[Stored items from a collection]
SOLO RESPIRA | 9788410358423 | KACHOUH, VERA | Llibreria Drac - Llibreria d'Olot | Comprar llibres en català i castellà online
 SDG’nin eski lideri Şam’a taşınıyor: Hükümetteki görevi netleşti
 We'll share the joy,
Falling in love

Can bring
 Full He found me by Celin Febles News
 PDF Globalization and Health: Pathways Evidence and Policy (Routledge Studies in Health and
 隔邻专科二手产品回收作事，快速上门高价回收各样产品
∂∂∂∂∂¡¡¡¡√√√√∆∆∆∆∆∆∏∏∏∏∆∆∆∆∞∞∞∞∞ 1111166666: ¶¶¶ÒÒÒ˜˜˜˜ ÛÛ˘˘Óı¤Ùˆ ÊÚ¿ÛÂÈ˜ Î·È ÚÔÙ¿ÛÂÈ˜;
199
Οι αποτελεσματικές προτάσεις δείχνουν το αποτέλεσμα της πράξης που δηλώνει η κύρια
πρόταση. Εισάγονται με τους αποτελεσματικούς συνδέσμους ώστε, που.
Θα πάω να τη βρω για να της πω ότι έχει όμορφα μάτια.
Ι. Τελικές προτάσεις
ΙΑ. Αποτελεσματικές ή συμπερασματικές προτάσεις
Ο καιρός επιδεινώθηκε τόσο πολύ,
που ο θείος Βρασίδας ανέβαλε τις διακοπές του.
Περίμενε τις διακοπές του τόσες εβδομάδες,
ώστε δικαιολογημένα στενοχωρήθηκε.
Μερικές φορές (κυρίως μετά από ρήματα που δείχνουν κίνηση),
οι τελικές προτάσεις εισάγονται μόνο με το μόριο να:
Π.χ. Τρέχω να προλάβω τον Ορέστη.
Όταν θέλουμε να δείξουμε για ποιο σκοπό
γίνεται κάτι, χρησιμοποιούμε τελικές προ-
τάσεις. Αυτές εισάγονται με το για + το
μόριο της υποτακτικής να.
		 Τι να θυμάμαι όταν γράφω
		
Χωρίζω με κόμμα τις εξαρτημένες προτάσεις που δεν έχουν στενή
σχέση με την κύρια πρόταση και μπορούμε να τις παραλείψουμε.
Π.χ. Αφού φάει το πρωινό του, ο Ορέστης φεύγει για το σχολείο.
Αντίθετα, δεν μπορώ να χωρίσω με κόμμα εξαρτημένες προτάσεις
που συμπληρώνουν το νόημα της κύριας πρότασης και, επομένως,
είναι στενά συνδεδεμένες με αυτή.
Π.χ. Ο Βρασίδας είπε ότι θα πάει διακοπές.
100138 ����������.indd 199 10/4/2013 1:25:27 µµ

#### Activity
When you reach the line holding "Μερικές φορές (κυρίως" in the records above, begin reproducing exactly, stop after the line holding "γίνεται κάτι, χρησιμοποιούμε", and output nothing else.

#### Answer for this exercise
Μερικές φορές (κυρίως μετά από ρήματα που δείχνουν κίνηση),
οι τελικές προτάσεις εισάγονται μόνο με το μόριο να:
Π.χ. Τρέχω να προλάβω τον Ορέστη.
Όταν θέλουμε να δείξουμε για ποιο σκοπό
γίνεται κάτι, χρησιμοποιούμε τελικές προ-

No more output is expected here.